• [WHAT NEEDS TO BE DONE] Reproduce the full listing below exactly. Do not include the pictures.

##############################

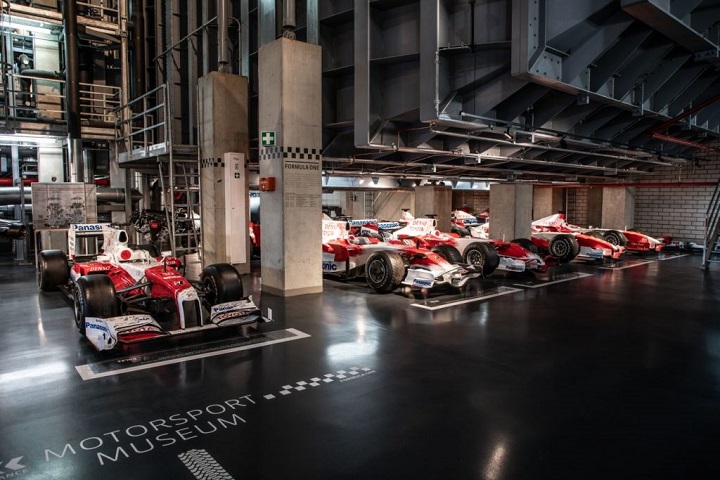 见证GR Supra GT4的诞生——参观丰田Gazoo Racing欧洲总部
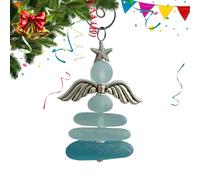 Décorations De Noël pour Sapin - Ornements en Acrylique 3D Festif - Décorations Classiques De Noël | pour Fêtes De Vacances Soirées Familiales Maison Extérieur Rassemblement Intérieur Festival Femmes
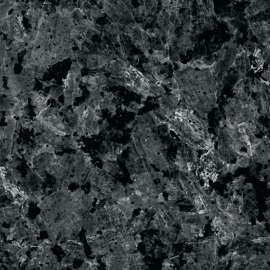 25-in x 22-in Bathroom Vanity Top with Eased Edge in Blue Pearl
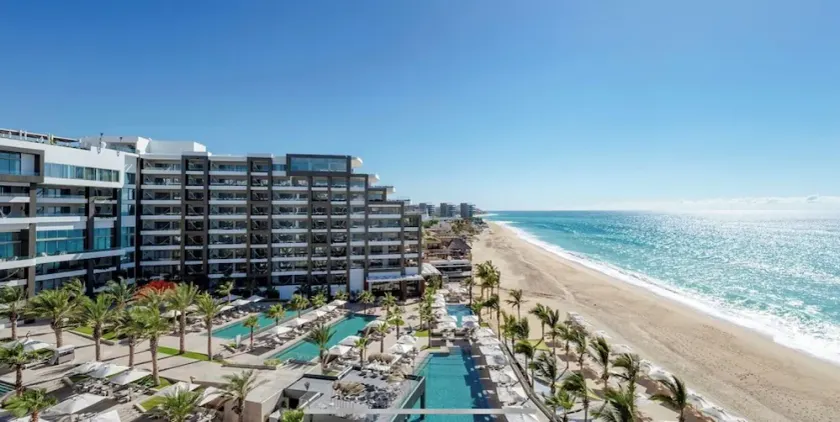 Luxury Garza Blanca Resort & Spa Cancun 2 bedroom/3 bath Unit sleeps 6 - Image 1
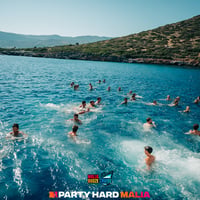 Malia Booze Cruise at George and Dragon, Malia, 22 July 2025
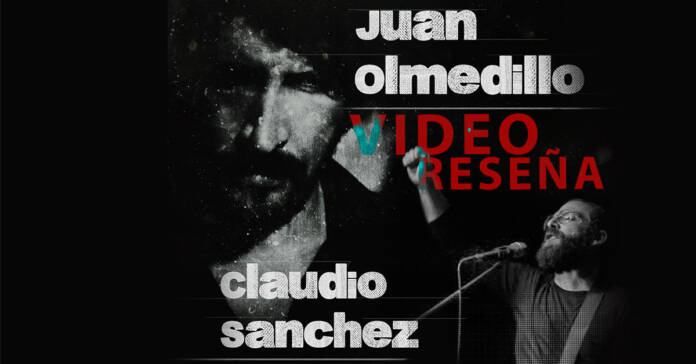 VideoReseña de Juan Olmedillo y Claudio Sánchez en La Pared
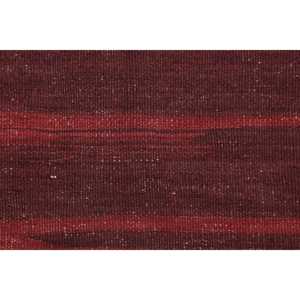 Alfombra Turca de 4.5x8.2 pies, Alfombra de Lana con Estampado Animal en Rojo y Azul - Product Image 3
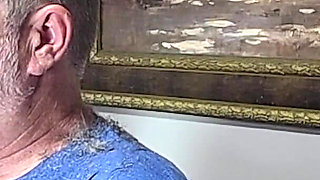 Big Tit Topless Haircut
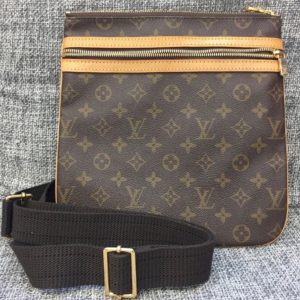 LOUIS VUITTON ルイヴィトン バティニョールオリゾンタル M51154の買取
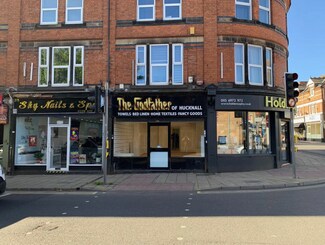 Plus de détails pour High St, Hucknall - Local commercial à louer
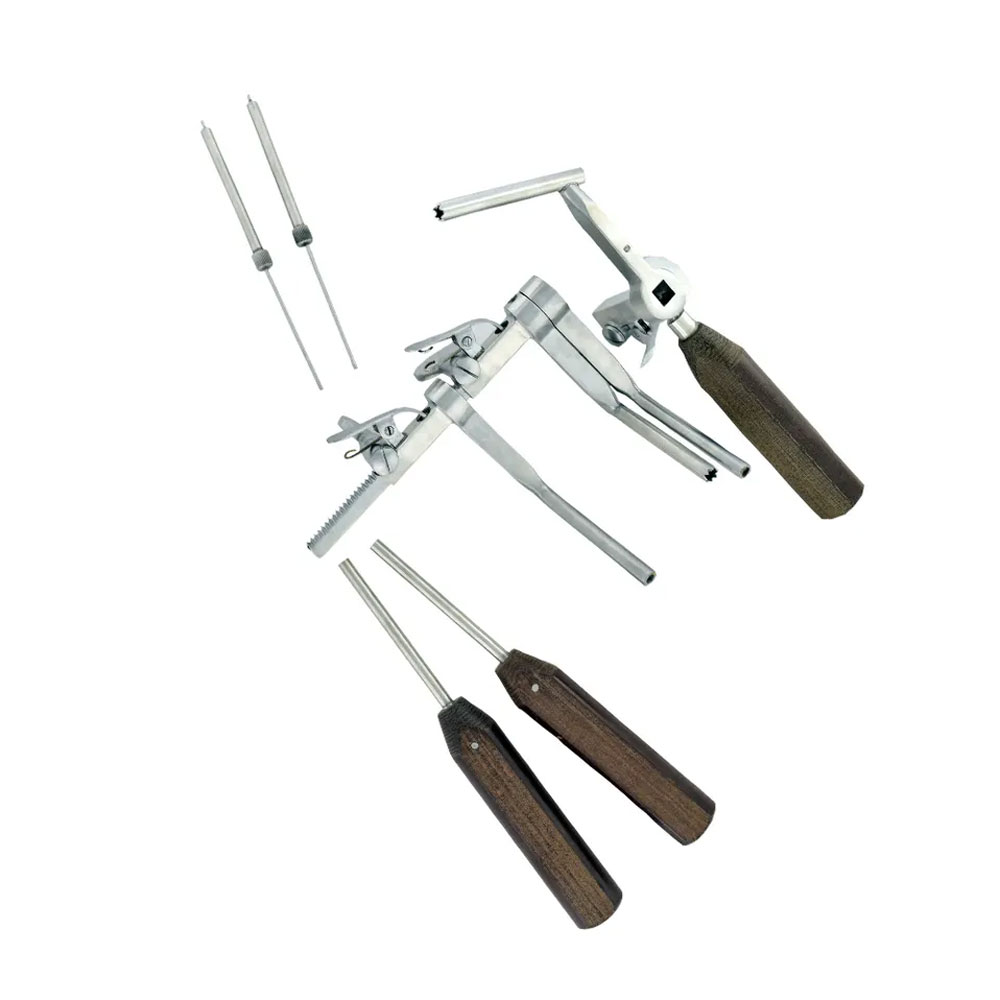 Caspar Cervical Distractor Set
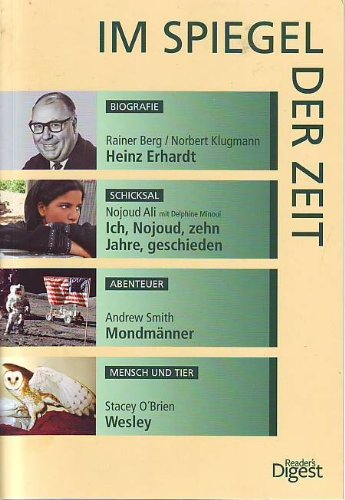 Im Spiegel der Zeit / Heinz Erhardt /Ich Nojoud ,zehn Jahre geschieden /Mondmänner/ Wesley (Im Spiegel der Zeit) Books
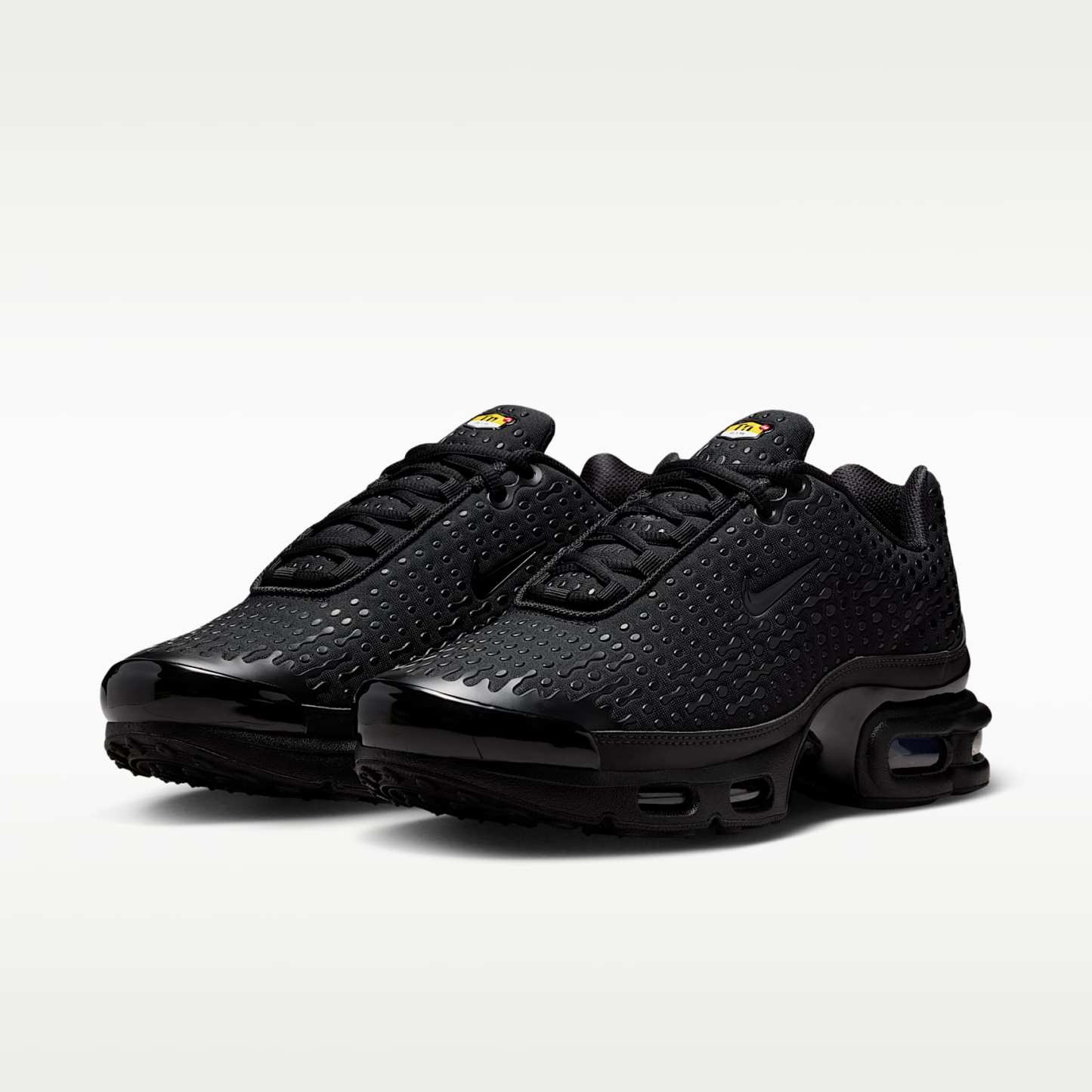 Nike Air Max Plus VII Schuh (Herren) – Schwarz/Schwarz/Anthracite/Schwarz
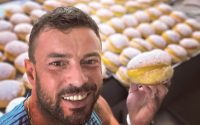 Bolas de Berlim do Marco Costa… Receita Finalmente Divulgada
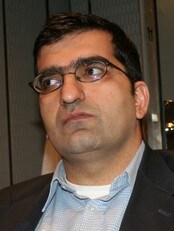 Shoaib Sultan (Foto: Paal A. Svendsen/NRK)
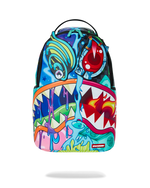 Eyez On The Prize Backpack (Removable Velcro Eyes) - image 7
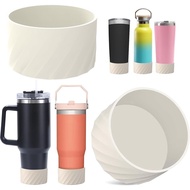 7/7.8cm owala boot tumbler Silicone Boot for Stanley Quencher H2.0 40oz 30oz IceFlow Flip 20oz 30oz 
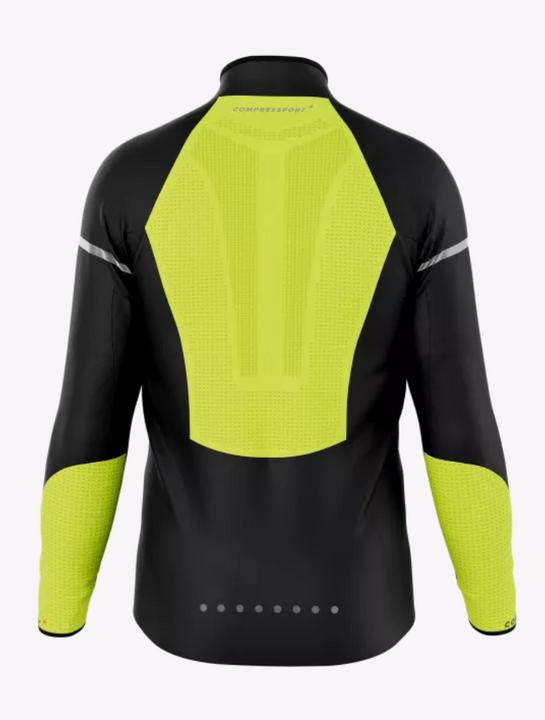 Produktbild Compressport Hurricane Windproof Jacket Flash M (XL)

##############################

• [EXPECTED OUTPUT]
 见证GR Supra GT4的诞生——参观丰田Gazoo Racing欧洲总部
 Décorations De Noël pour Sapin - Ornements en Acrylique 3D Festif - Décorations Classiques De Noël | pour Fêtes De Vacances Soirées Familiales Maison Extérieur Rassemblement Intérieur Festival Femmes
 25-in x 22-in Bathroom Vanity Top with Eased Edge in Blue Pearl
 Luxury Garza Blanca Resort & Spa Cancun 2 bedroom/3 bath Unit sleeps 6 - Image 1
 Malia Booze Cruise at George and Dragon, Malia, 22 July 2025
 VideoReseña de Juan Olmedillo y Claudio Sánchez en La Pared
 Alfombra Turca de 4.5x8.2 pies, Alfombra de Lana con Estampado Animal en Rojo y Azul - Product Image 3
 Big Tit Topless Haircut
 LOUIS VUITTON ルイヴィトン バティニョールオリゾンタル M51154の買取
 Plus de détails pour High St, Hucknall - Local commercial à louer
 Caspar Cervical Distractor Set
 Im Spiegel der Zeit / Heinz Erhardt /Ich Nojoud ,zehn Jahre geschieden /Mondmänner/ Wesley (Im Spiegel der Zeit) Books
 Nike Air Max Plus VII Schuh (Herren) – Schwarz/Schwarz/Anthracite/Schwarz
 Bolas de Berlim do Marco Costa… Receita Finalmente Divulgada
 Shoaib Sultan (Foto: Paal A. Svendsen/NRK)
 Eyez On The Prize Backpack (Removable Velcro Eyes) - image 7
 7/7.8cm owala boot tumbler Silicone Boot for Stanley Quencher H2.0 40oz 30oz IceFlow Flip 20oz 30oz 
 Produktbild Compressport Hurricane Windproof Jacket Flash M (XL)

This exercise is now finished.